- _What you will do_: Your copy starts at the line containing "بازدید از کارخانه" and ends at the last line below. Copy exactly, without pictures.

Caption-style text data:

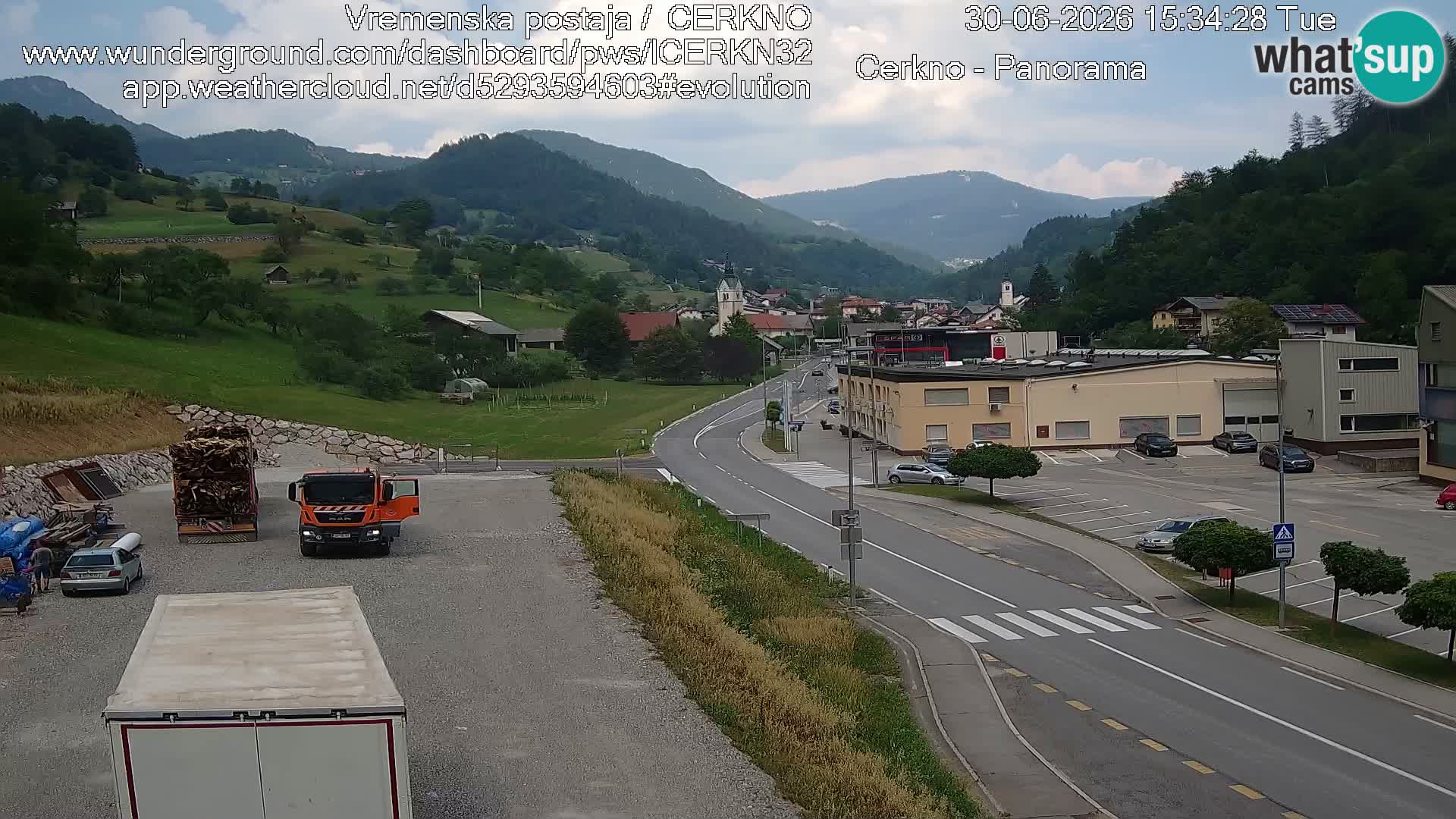Webcam Ingresso Città di Cerkno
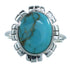 Sterling Silver Turquoise Southwest Ring Size 8-1/2 AX100157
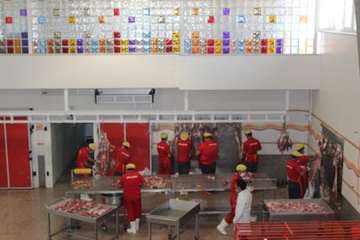 بازدید از کارخانه بسته بندی مواد خام دامی هگمتانه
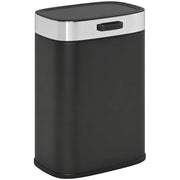 Pattumiera Acciaio Inox ¨C Xylo ¨C Coperchio Aperto, Secchio Interno Estraibile, 21,5x19,5x30cm, Nero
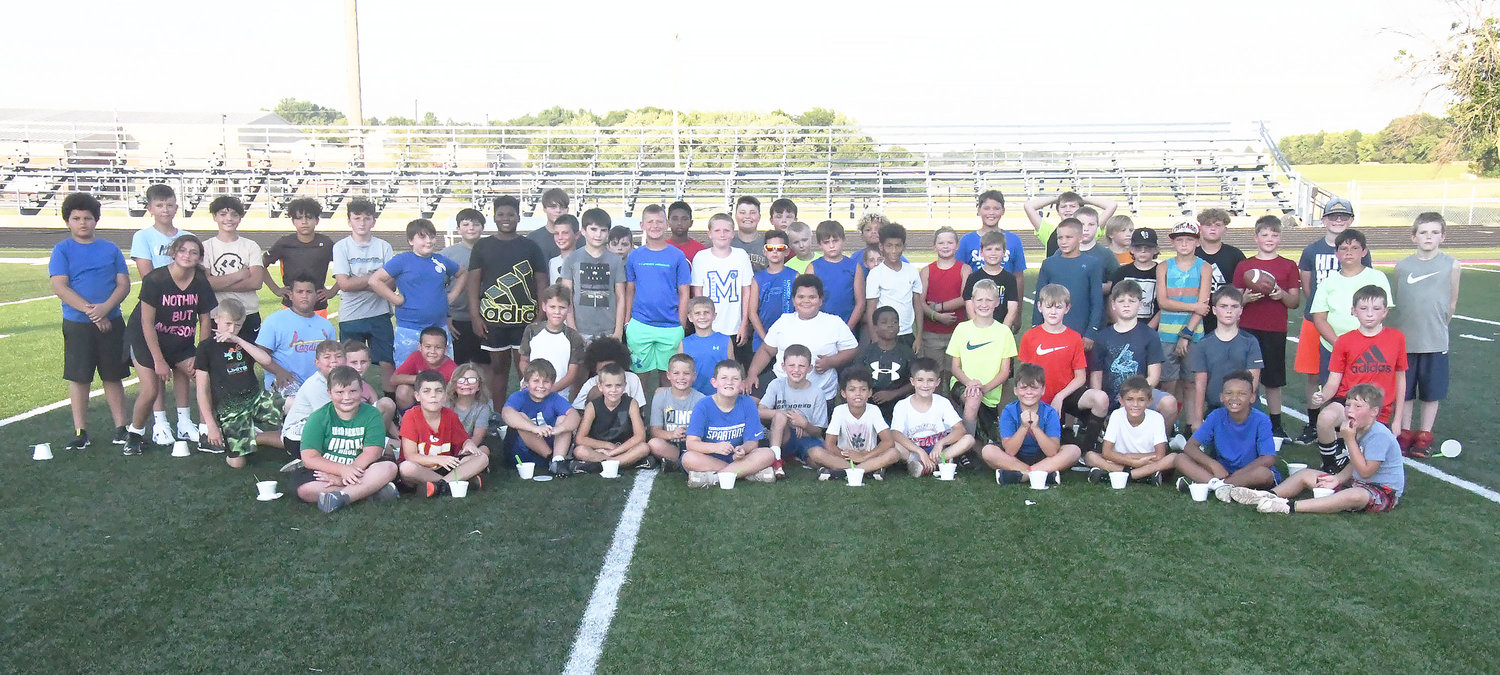 The Little Spartans organization on Wednesday and Thursday, July 20-21, conducted a youth camp at Dr. Larry K. Noel Spartan Stadium.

- _Task output_:
 بازدید از کارخانه بسته بندی مواد خام دامی هگمتانه
 Pattumiera Acciaio Inox ¨C Xylo ¨C Coperchio Aperto, Secchio Interno Estraibile, 21,5x19,5x30cm, Nero
 The Little Spartans organization on Wednesday and Thursday, July 20-21, conducted a youth camp at Dr. Larry K. Noel Spartan Stadium.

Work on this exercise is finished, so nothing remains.